Parallel programming in standard C++
Reading: Introduction to Parallel Computing; optional C pthreads Tutorial
A simple program with multiple threads (lecture note Bitbucket repo -- week10). First, using C and the pthreads library, and then the same functionality, but using only standard C++.
C version:
- // file: threads.c
- #include<stdio.h>
- #include<pthread.h>
- void* foo (void* msg) {
- printf(" In foo: %s\n", (const char *) msg);
- }
- void* bar (void* msg) {
- printf(" In bar: %s\n", (const char *) msg);
- }
- void main()
- {
- pthread_t t1,t2;
- pthread_create(&t1, NULL, foo, "Hello from Task 1");
- pthread_create(&t2, NULL, bar, "Hello from Task 2");
- pthread_join(t1, NULL);
- pthread_join(t2, NULL);
- }
The equivalent standard C++ version:
- // file: threads1.cpp
- #include <string>
- #include <iostream>
- #include <thread>
- using namespace std;
- void foo (string msg) {
- cout << " In foo: " << msg;
- }
- void bar (string msg) {
- cout << " In bar: " << msg;
- }
- int main()
- {
- // Constructs the new thread and runs it. Does not block execution.
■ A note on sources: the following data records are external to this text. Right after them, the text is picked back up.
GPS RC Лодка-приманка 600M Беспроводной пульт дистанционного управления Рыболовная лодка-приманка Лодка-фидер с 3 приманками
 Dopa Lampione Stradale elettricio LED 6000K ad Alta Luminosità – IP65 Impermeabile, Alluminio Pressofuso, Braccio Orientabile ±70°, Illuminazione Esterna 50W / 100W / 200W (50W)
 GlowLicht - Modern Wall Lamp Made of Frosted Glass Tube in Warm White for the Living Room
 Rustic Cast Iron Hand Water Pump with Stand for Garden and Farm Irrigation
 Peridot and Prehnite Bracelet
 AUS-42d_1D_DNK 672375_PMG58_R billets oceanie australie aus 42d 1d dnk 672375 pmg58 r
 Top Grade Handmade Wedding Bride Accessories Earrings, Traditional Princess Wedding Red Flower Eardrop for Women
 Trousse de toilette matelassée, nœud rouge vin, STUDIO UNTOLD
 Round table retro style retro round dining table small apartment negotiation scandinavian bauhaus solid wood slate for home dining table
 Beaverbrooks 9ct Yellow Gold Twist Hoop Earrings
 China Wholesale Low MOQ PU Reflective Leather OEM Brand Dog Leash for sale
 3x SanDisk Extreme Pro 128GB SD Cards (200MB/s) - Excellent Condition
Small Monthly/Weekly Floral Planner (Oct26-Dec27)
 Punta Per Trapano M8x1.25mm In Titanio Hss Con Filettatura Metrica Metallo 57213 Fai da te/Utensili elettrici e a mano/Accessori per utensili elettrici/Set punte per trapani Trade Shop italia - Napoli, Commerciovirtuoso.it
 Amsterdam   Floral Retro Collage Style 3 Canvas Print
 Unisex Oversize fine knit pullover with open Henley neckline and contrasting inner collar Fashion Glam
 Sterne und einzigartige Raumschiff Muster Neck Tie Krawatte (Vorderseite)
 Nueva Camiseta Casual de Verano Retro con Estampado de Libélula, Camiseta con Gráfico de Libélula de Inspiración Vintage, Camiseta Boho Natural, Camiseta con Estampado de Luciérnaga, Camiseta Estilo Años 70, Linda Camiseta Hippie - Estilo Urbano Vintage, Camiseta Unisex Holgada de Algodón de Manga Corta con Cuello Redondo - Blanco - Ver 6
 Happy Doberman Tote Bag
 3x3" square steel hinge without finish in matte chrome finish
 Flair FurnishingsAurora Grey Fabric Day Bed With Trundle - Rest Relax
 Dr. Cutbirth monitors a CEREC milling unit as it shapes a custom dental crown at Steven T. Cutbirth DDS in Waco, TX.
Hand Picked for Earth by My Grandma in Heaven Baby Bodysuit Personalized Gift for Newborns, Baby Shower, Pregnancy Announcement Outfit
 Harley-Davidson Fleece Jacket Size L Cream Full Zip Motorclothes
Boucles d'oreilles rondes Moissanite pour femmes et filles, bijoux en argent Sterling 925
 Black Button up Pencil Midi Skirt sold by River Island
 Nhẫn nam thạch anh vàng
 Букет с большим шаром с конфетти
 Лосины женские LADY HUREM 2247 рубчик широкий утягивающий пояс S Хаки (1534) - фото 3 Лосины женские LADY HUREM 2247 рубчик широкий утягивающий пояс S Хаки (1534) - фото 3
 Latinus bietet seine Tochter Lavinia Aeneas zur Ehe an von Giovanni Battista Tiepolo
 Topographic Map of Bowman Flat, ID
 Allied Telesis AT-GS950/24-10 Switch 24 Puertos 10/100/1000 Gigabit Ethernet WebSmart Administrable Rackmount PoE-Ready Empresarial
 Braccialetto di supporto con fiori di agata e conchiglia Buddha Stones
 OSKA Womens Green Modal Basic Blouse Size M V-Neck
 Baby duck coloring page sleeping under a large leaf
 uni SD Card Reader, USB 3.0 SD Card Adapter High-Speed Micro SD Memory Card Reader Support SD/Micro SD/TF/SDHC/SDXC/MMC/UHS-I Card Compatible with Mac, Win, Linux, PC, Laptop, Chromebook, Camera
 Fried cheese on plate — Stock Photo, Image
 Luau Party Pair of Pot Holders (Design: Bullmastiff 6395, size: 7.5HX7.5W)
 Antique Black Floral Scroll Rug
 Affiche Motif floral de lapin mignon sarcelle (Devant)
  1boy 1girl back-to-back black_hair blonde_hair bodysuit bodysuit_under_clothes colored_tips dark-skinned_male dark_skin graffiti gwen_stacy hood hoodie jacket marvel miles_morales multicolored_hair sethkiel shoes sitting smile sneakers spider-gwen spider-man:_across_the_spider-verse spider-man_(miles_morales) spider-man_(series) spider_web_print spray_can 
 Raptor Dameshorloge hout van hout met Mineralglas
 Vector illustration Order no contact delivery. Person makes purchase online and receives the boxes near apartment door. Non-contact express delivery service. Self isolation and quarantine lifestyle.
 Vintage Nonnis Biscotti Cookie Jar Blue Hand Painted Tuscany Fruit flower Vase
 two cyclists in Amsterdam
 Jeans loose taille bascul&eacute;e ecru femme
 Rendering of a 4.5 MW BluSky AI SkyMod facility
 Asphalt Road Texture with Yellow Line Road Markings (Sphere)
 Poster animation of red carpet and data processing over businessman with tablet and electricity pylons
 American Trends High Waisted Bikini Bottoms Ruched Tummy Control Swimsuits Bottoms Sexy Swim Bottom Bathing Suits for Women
- thread t1(foo, "Hello from Task 1");
- thread t2(bar, "Hello from Task 2");
- // Makes the main thread wait for the new thread to finish execution,
- // blocking the main thread until join returns
- t1.join();
- t2.join();
- }
In the simple examples, the threads are not using any local or shared variables. Next let's try having the threads modify the same variable.
- #include <iostream>
- #include <thread>
- #include <memory>
- #include <vector>
- #include <mutex> // mutex
- class MultiCounter {
- public:
- MultiCounter() : sum(0) {}
- void computeSum(int *a, int n);
- int getSum() { return sum; }
- private:
- int64_t sum; // the shared variable
- };
- void
- MultiCounter::computeSum(int* a, int n) {
- // Make sure only one thread at a time can increment counter
- for (int i = 0; i < n; ++i) {
- sum += a[i];
- }
- }
- int main()
- {
- MultiCounter counter;
- const int n = 1000000;
- int a[n];
- for (int i = 0; i < n; i++) a[i] = 1;
- // Create a vector of threads, each of which executes 'increment'
- std::vector<std::unique_ptr<std::thread> > threads;
- for (int i = 0; i < 10; i++)
- threads.push_back(std::unique_ptr<std::thread>
- (new std::thread(&MultiCounter::computeSum, &counter, a, n)));
- for (int i = 0; i < 10; i++)
- threads[i]->join(); // wait for each thread to finish
- std::cout << "Final result: " << counter.getSum() << std::endl;
- }
The answer should be the number of threads * n, or 10,000,000. When we run this code, however, it will produce a different (usually wrong) answer every time.
0 ix-saucy 22:06> ./threads2 Final result: 7033014 0 ix-saucy 22:06> ./threads2 Final result: 2904314 0 ix-saucy 22:06> ./threads2 Final result: 2759084 0 ix-saucy 22:06> ./threads2 Final result: 3335995
Why is that? When multiple threads are simultaneously modifying the same memory location we have a so-called race condition, and the result is unpredictable because the current value for sum
in one thread is unlikely to be the same as that of another.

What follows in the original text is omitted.